From the entries that follow, report every line in which "Leather" occurs.
---*---
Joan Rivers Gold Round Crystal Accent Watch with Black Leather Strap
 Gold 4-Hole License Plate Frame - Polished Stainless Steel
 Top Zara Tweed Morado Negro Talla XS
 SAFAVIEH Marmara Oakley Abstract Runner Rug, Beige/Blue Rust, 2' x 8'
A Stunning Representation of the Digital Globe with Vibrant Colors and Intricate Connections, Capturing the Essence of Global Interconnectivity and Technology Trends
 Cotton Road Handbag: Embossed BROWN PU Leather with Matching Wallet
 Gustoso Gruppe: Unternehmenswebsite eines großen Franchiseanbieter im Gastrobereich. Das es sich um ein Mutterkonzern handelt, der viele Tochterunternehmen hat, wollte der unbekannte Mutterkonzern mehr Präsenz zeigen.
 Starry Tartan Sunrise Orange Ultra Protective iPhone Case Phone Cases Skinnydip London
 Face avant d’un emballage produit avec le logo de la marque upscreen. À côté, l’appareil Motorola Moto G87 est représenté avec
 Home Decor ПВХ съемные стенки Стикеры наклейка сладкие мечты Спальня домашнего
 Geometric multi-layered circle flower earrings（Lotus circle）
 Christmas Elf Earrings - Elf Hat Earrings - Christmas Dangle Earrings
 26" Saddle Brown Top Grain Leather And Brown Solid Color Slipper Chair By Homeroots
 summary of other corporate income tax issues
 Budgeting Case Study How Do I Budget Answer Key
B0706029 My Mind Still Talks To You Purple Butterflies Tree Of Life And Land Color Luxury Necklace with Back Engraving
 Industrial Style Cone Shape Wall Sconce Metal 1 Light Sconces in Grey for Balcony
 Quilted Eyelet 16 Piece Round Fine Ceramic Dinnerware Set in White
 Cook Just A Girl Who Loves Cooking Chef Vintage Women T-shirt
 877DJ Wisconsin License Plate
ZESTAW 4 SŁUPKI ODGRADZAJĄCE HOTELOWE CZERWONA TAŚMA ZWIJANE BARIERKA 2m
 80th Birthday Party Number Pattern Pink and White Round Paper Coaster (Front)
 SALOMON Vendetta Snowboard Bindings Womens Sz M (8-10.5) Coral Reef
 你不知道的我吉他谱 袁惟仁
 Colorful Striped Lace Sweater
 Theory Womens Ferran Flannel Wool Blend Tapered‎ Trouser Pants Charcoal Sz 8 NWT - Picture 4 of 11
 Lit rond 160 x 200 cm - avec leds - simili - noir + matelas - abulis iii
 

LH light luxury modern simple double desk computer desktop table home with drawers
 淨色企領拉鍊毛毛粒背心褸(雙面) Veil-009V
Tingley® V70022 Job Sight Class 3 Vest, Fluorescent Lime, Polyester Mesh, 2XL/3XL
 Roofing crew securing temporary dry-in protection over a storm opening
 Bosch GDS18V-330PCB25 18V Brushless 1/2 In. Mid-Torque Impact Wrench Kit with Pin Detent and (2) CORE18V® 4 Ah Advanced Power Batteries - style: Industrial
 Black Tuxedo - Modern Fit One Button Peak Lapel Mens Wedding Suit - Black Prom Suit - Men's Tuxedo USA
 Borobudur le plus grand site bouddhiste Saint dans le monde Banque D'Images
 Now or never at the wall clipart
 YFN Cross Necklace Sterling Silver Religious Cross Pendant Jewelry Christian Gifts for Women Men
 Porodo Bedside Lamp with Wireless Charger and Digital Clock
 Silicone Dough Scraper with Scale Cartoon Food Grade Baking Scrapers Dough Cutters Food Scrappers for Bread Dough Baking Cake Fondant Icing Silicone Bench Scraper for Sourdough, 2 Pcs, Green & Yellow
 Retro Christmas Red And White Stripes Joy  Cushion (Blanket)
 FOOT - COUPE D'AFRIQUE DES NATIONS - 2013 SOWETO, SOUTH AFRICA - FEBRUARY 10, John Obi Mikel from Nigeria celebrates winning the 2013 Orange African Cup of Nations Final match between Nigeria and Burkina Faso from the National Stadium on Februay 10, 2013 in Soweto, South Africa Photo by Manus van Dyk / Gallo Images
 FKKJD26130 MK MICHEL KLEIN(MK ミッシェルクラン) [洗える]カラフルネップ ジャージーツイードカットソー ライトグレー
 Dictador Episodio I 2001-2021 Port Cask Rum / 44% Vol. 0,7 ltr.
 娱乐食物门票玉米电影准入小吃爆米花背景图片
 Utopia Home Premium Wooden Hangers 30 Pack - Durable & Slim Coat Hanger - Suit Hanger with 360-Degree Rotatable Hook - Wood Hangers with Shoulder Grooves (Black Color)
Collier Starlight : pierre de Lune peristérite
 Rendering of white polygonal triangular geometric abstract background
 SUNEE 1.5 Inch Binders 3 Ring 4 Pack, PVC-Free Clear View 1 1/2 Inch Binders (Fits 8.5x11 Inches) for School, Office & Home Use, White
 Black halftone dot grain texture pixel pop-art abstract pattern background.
---*---
● **Answer to this task**:
Joan Rivers Gold Round Crystal Accent Watch with Black Leather Strap
 Cotton Road Handbag: Embossed BROWN PU Leather with Matching Wallet
 26" Saddle Brown Top Grain Leather And Brown Solid Color Slipper Chair By Homeroots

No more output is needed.